**EXERCISE BRIEF**
Of the entries below, repeat exactly only those lines from the one containing "Optica Silver logo" through the last line, with pictures omitted.

[Opening DATA FOR ANALYSIS section]

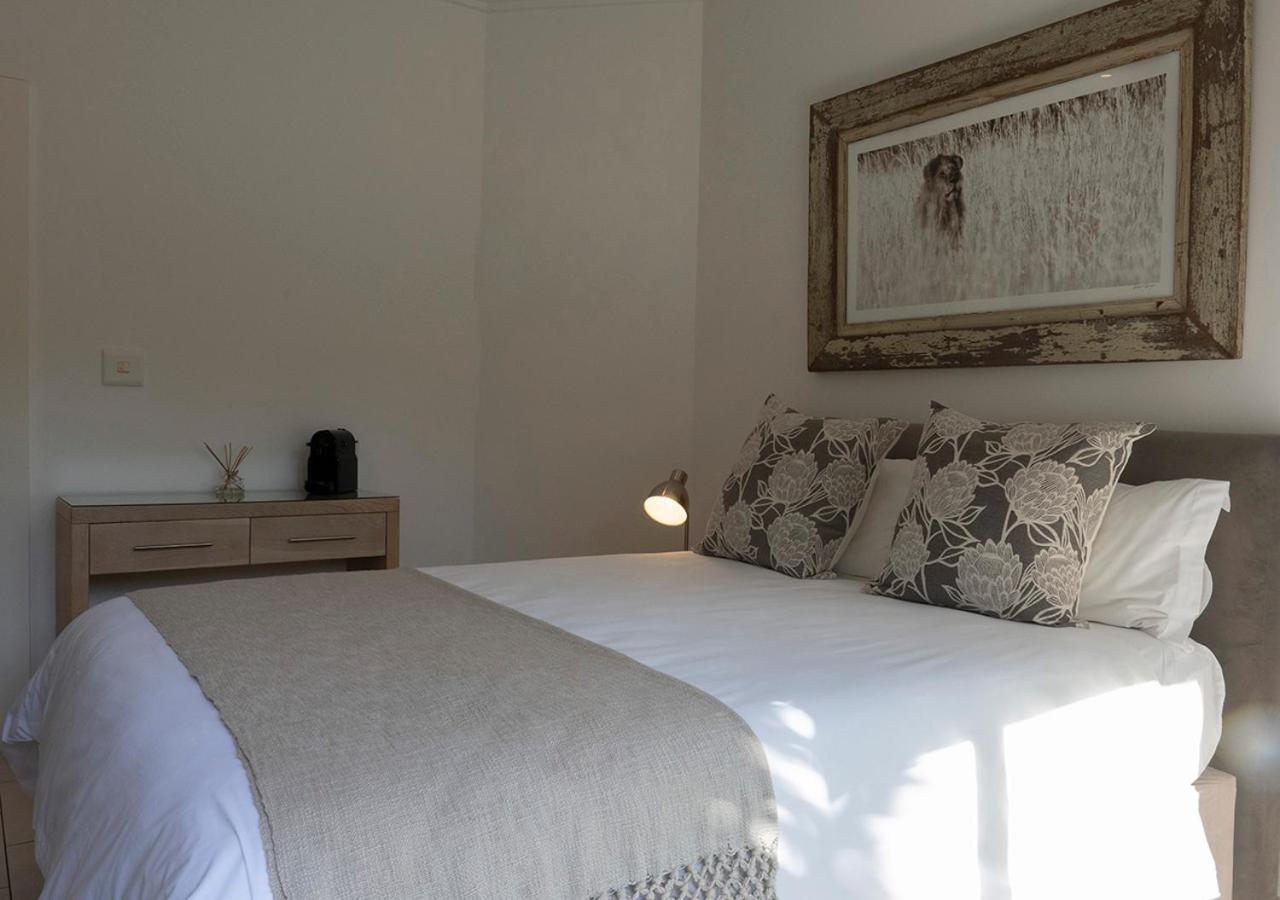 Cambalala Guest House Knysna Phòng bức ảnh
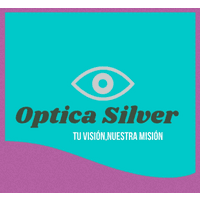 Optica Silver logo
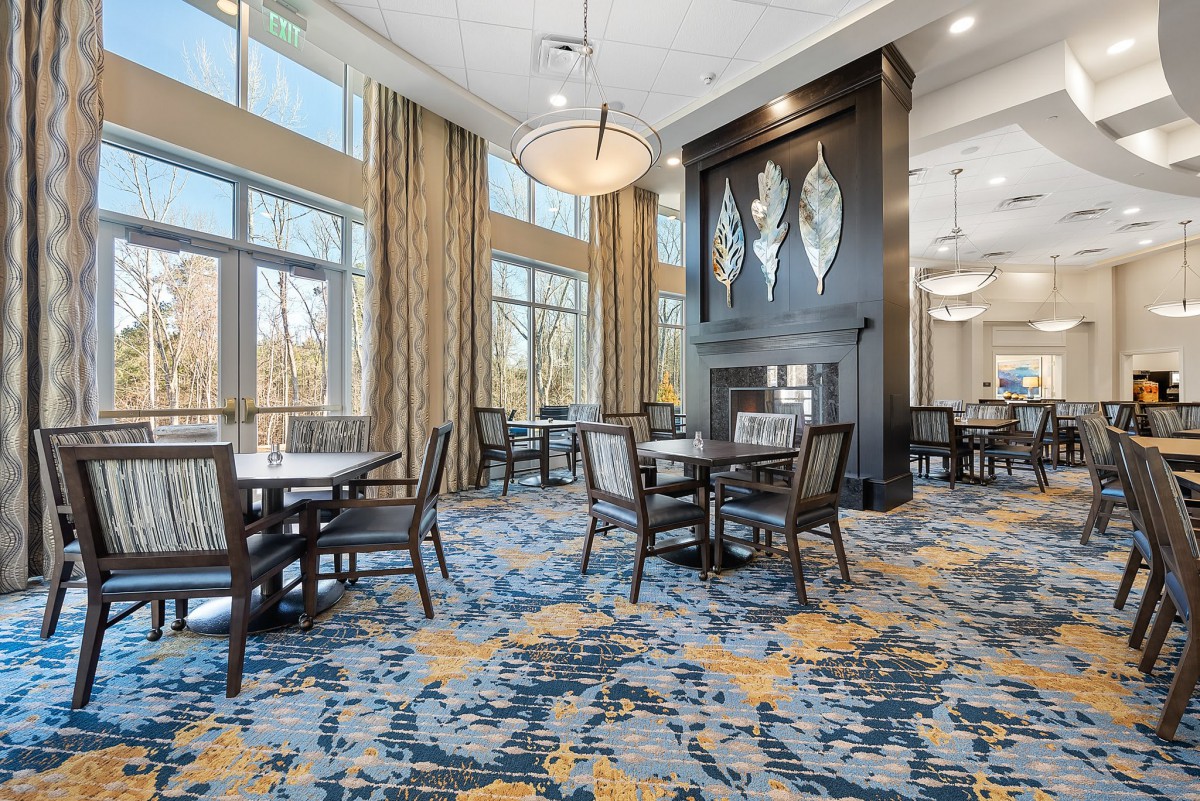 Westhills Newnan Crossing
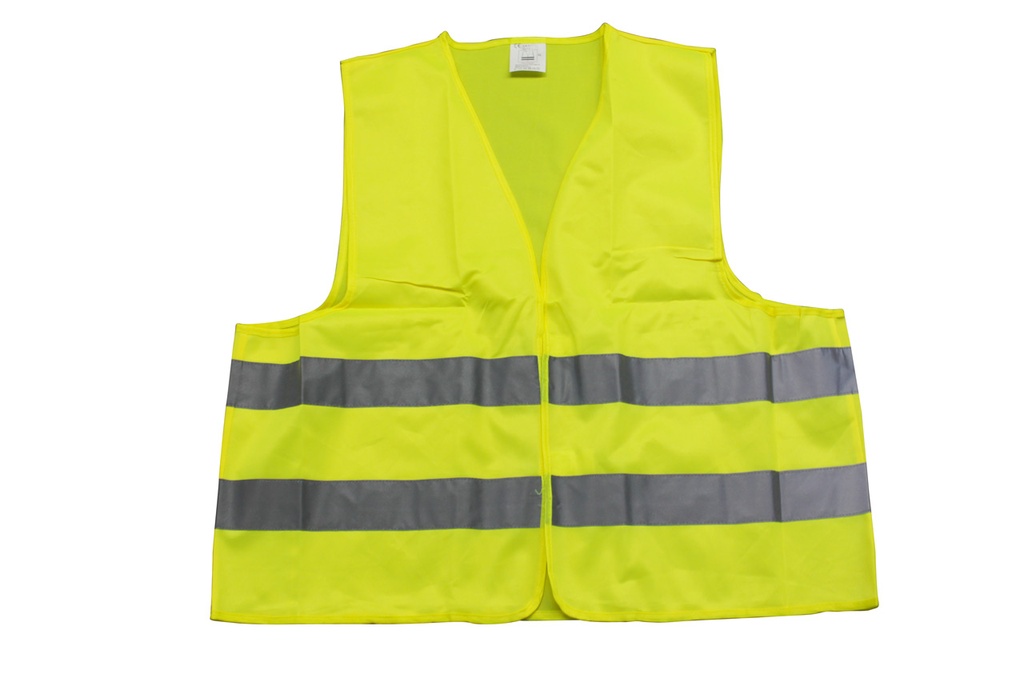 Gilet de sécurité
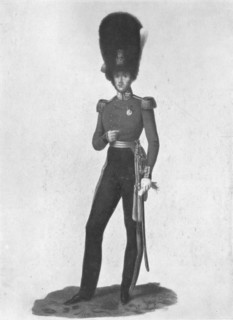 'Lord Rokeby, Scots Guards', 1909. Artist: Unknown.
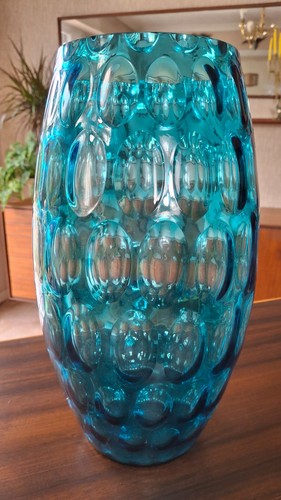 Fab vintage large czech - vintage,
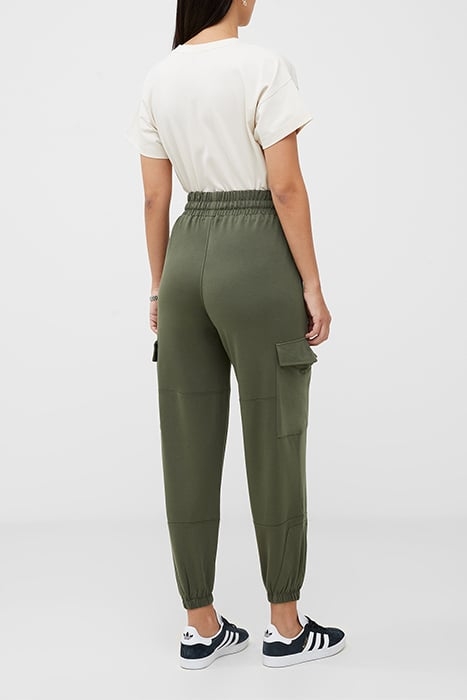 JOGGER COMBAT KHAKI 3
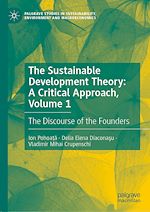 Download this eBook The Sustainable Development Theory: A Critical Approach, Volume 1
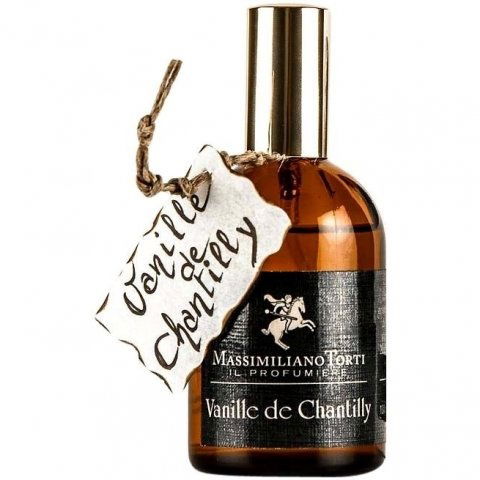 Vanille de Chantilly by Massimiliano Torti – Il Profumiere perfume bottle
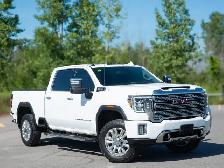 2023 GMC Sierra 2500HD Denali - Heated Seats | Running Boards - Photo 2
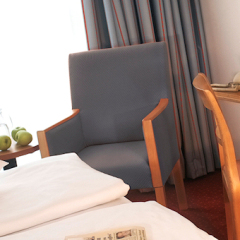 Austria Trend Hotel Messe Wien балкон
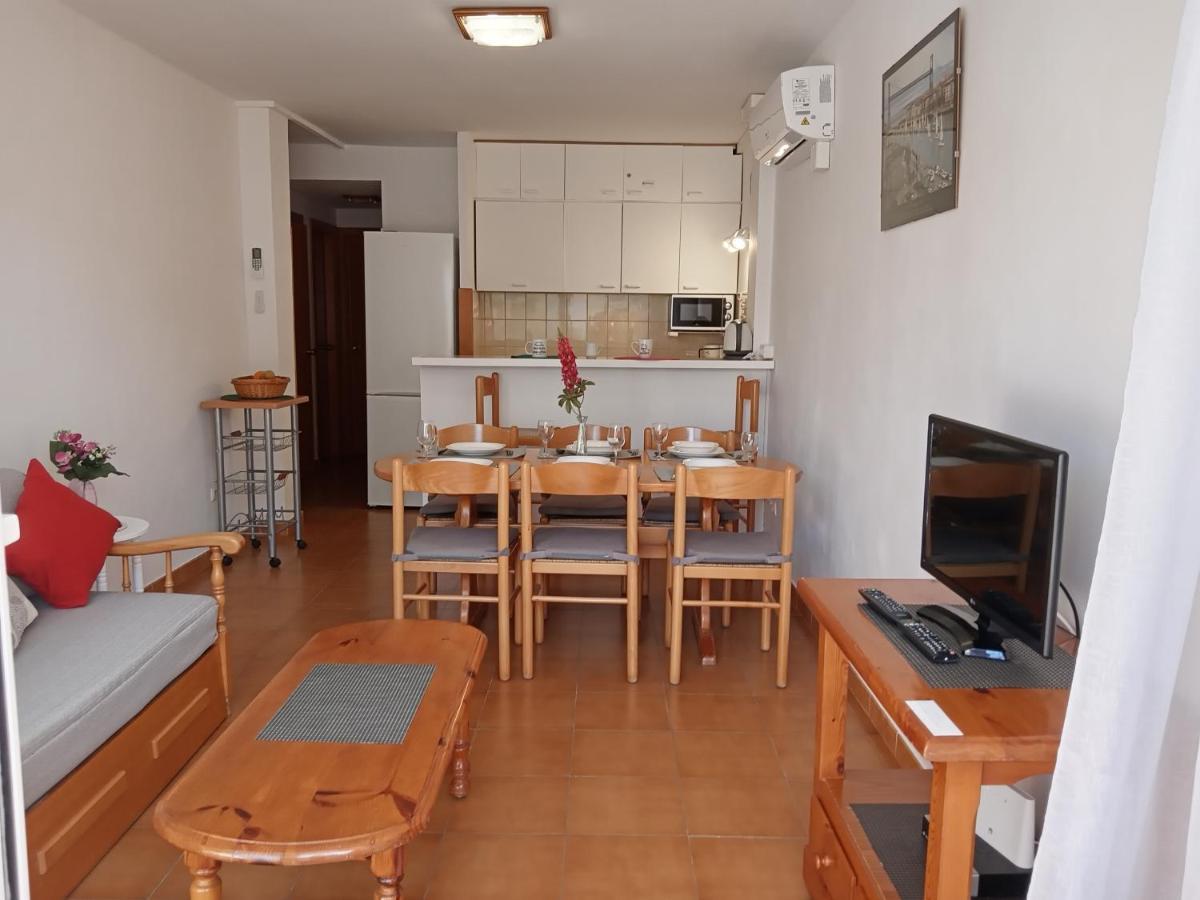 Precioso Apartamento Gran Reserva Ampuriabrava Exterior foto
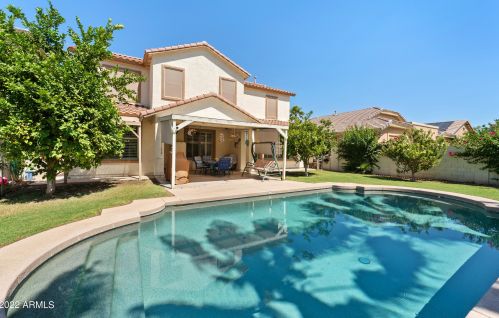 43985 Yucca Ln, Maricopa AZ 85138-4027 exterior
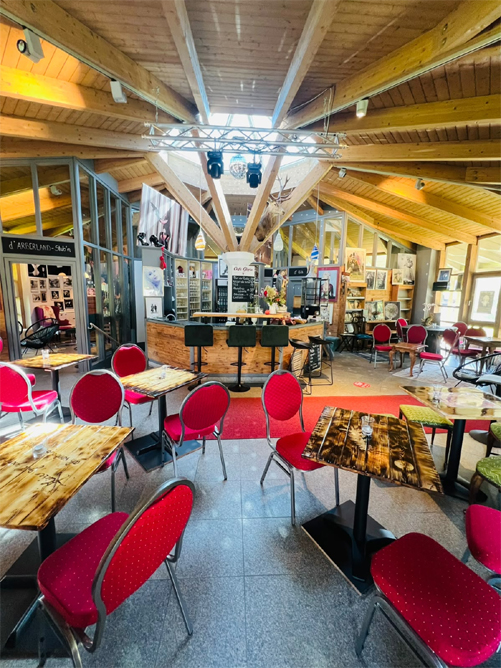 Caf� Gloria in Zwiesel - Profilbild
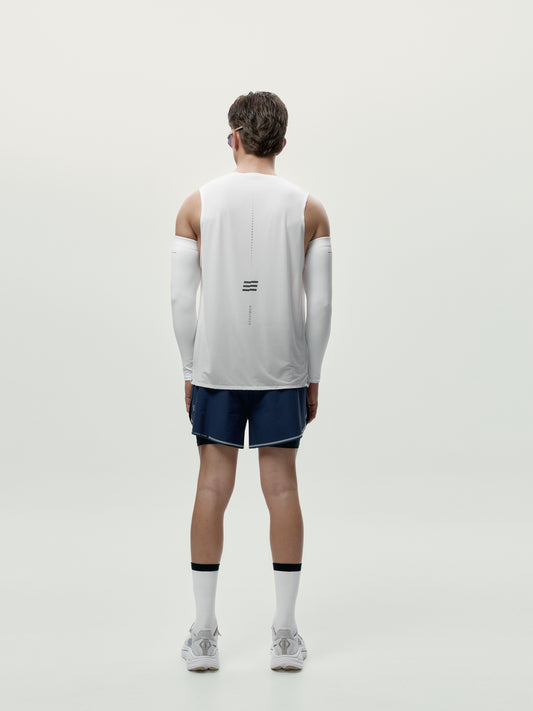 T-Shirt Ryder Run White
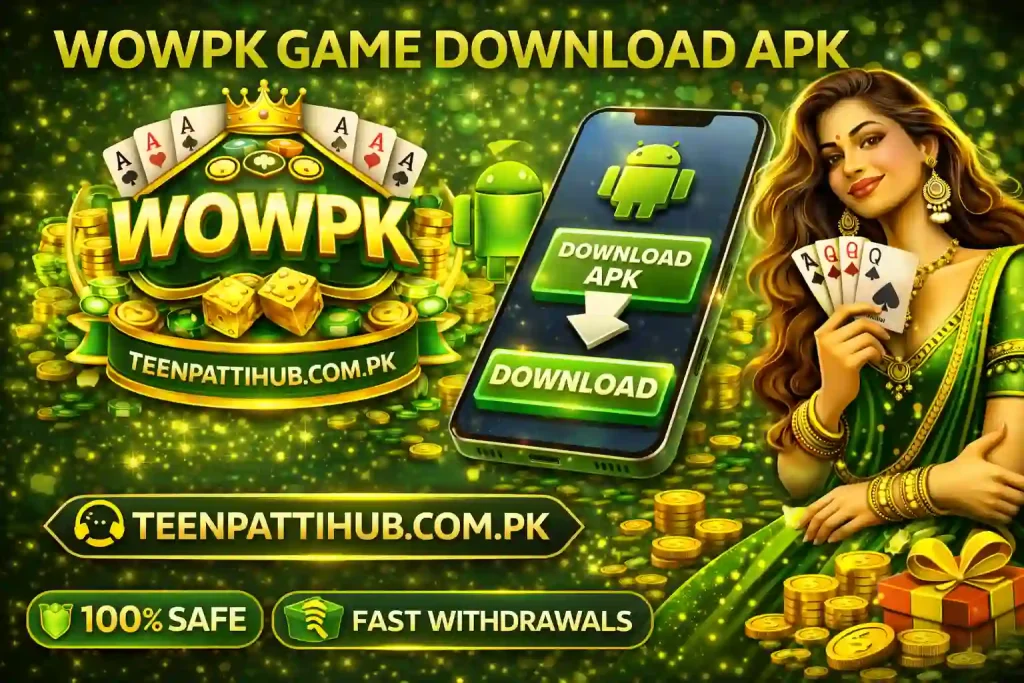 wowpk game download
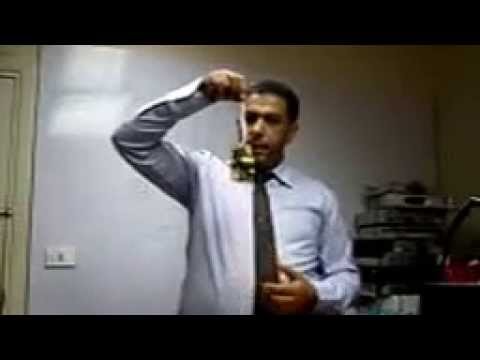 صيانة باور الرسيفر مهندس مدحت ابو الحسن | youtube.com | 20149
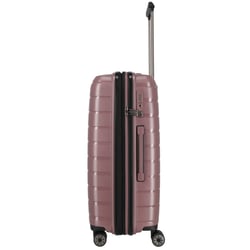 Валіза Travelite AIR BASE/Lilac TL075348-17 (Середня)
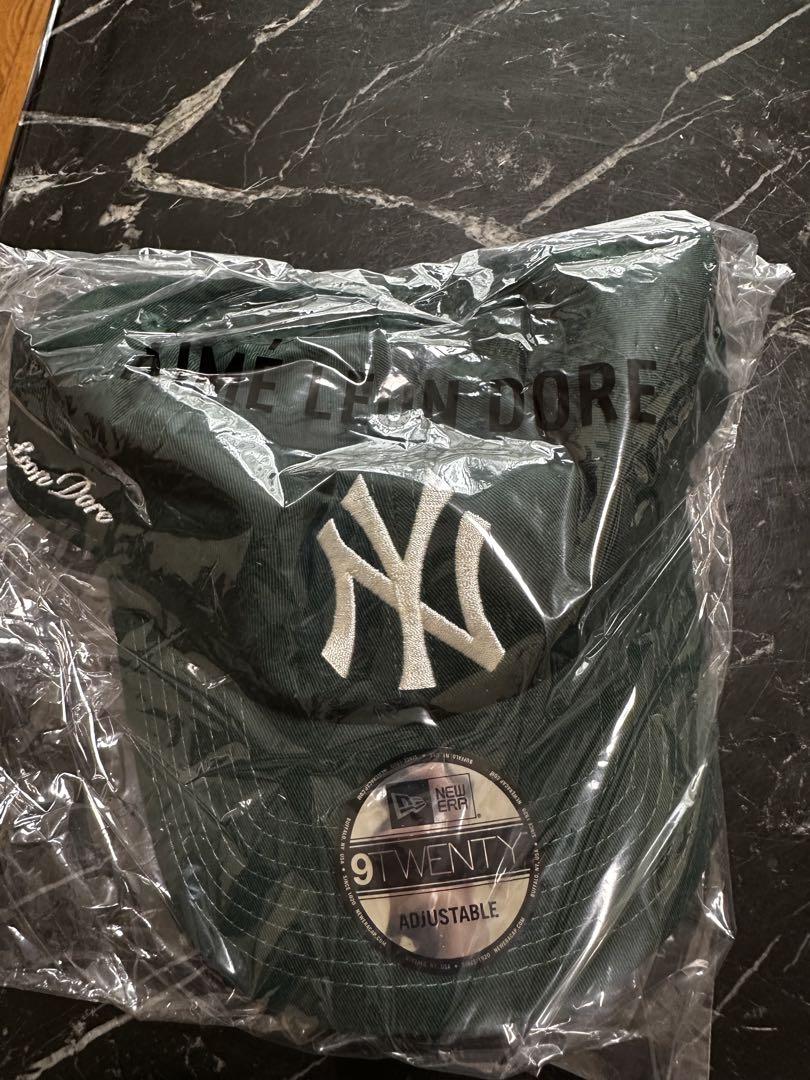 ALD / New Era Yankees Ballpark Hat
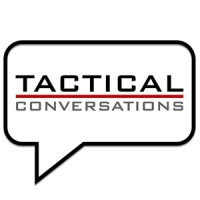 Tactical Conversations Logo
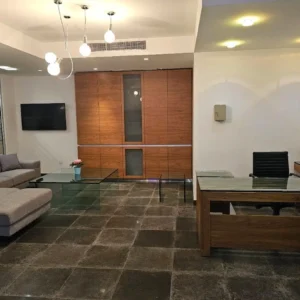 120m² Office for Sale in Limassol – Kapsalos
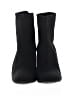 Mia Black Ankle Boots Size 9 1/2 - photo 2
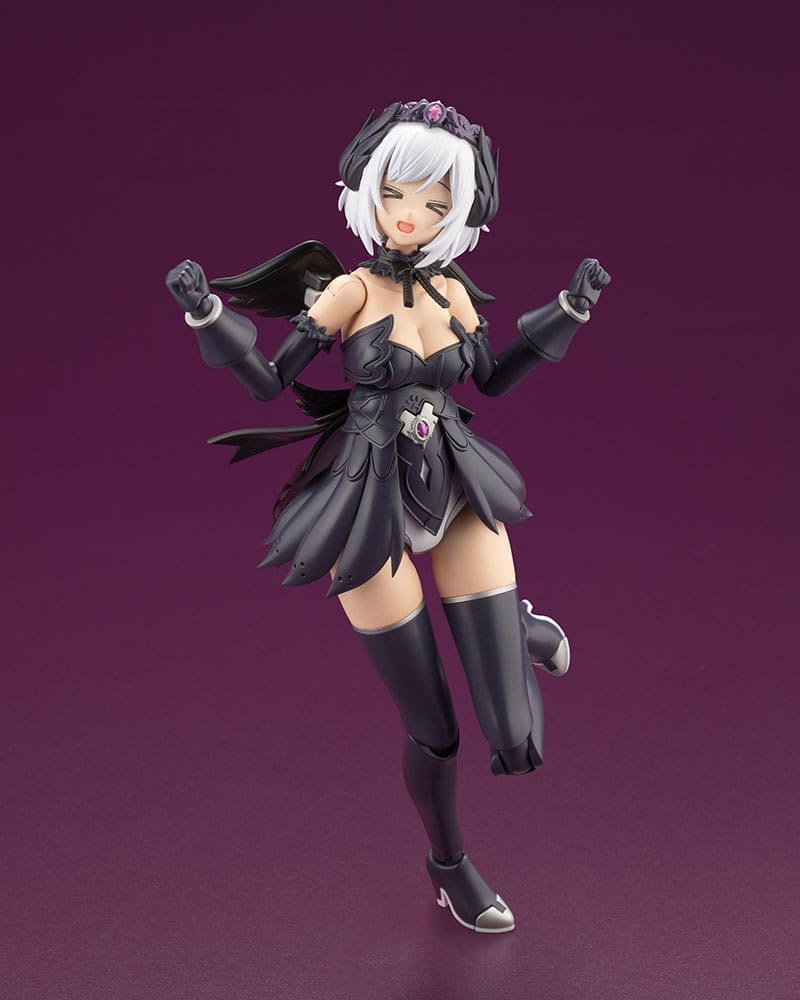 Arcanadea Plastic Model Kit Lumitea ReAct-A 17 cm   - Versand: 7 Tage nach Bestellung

[Closing DATA FOR ANALYSIS section]

**EXERCISE RESPONSE**
 Optica Silver logo
 Westhills Newnan Crossing
 Gilet de sécurité
 'Lord Rokeby, Scots Guards', 1909. Artist: Unknown.
 Fab vintage large czech - vintage,
 JOGGER COMBAT KHAKI 3
 Download this eBook The Sustainable Development Theory: A Critical Approach, Volume 1
 Vanille de Chantilly by Massimiliano Torti – Il Profumiere perfume bottle
 2023 GMC Sierra 2500HD Denali - Heated Seats | Running Boards - Photo 2
 Austria Trend Hotel Messe Wien балкон
 Precioso Apartamento Gran Reserva Ampuriabrava Exterior foto
 43985 Yucca Ln, Maricopa AZ 85138-4027 exterior
 Caf� Gloria in Zwiesel - Profilbild
 T-Shirt Ryder Run White
 wowpk game download
 صيانة باور الرسيفر مهندس مدحت ابو الحسن | youtube.com | 20149
 Валіза Travelite AIR BASE/Lilac TL075348-17 (Середня)
 ALD / New Era Yankees Ballpark Hat
 Tactical Conversations Logo
 120m² Office for Sale in Limassol – Kapsalos
 Mia Black Ankle Boots Size 9 1/2 - photo 2
 Arcanadea Plastic Model Kit Lumitea ReAct-A 17 cm   - Versand: 7 Tage nach Bestellung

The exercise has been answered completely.